- _Brief_
From the records below, output exactly the lines starting at the line with "2023 BMW X5" and ending at the line with "Swimming with Dolphins", both of them included, but no pictures.

- _Provided records_
━━━━━━

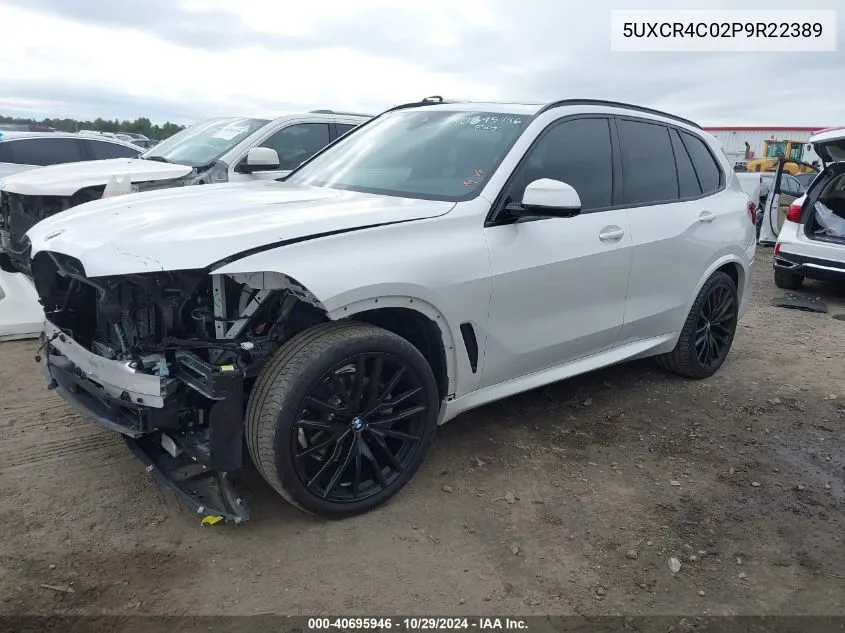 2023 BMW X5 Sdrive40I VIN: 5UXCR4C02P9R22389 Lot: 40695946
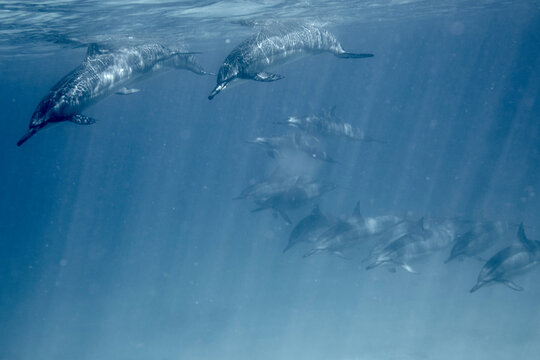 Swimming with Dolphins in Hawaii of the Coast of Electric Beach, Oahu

━━━━━━

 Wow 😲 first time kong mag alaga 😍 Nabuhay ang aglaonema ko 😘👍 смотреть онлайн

━━━━━━

- _Answer area_
 2023 BMW X5 Sdrive40I VIN: 5UXCR4C02P9R22389 Lot: 40695946
 Swimming with Dolphins in Hawaii of the Coast of Electric Beach, Oahu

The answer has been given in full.